Stored data
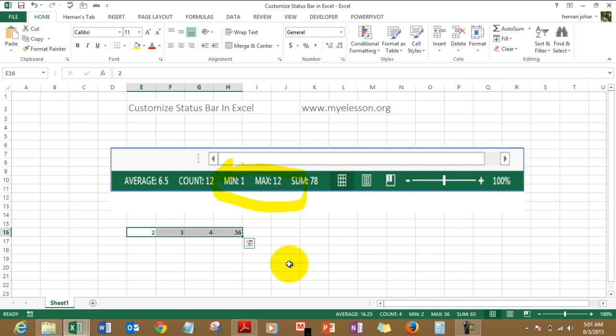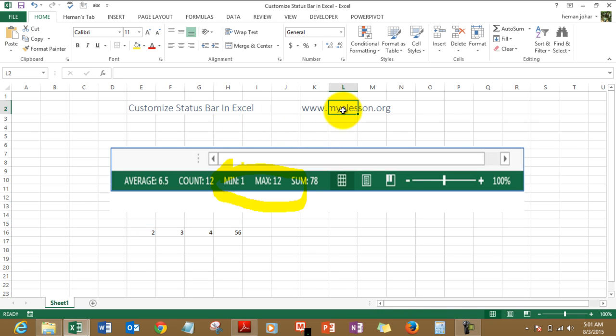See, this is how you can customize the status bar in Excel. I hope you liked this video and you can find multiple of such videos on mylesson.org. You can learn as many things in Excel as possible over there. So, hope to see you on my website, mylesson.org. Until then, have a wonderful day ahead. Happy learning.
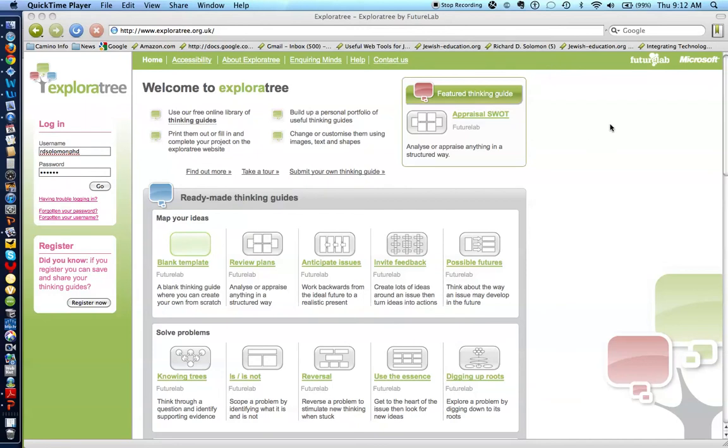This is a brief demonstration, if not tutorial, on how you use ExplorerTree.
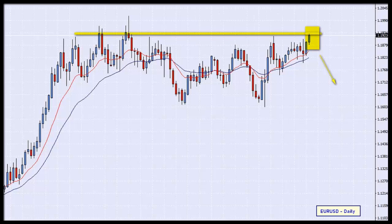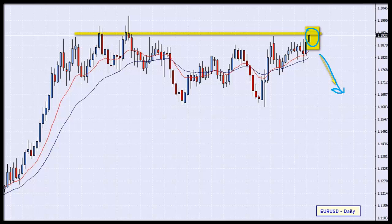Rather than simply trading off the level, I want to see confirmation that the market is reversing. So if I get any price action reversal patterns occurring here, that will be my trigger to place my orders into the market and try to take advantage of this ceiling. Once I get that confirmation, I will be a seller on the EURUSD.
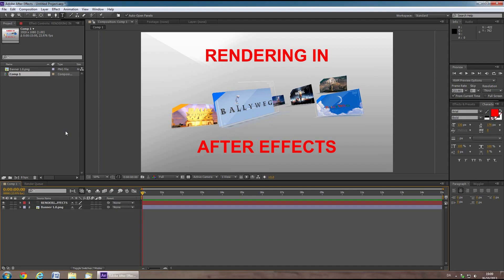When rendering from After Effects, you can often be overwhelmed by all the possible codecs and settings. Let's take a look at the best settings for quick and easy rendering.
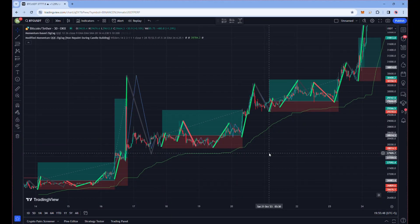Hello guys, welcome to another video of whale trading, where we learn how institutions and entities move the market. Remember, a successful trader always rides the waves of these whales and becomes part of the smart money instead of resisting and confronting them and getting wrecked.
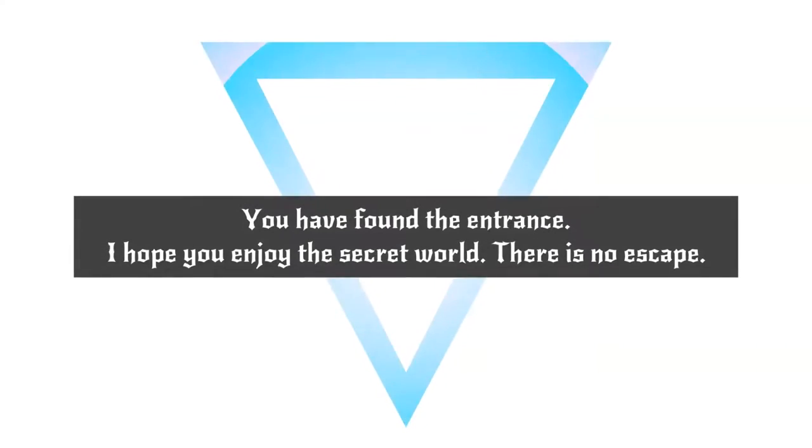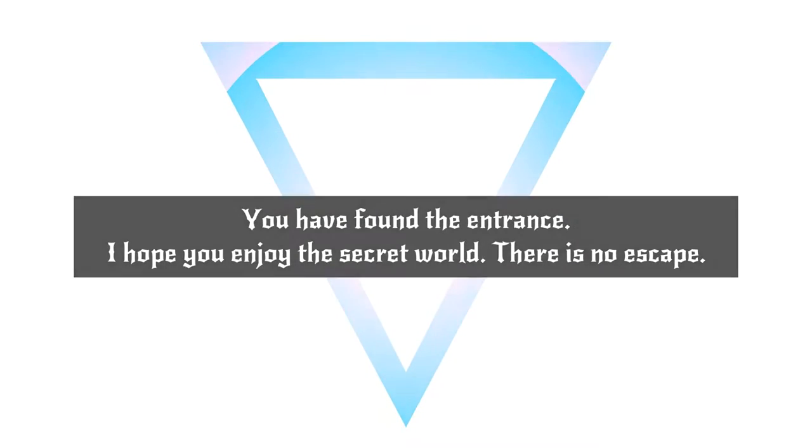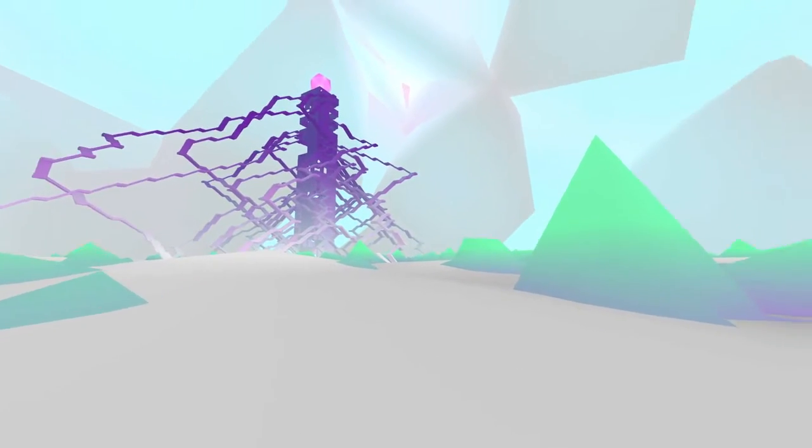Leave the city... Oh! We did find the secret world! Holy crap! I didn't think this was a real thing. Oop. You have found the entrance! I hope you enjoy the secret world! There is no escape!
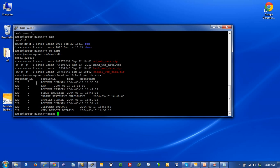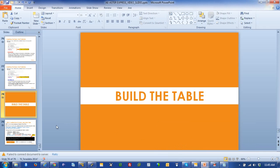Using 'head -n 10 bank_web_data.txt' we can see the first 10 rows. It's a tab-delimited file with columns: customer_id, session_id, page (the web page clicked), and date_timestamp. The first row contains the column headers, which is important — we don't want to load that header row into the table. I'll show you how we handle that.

_ACTIVITY_
Precisely those lines above that run from the line with "Rather than simply" up to and including the line with "When rendering from" are to be set down, with the pictures omitted.

_OUTPUT FOR THIS EXERCISE_
Rather than simply trading off the level, I want to see confirmation that the market is reversing. So if I get any price action reversal patterns occurring here, that will be my trigger to place my orders into the market and try to take advantage of this ceiling. Once I get that confirmation, I will be a seller on the EURUSD.
When rendering from After Effects, you can often be overwhelmed by all the possible codecs and settings. Let's take a look at the best settings for quick and easy rendering.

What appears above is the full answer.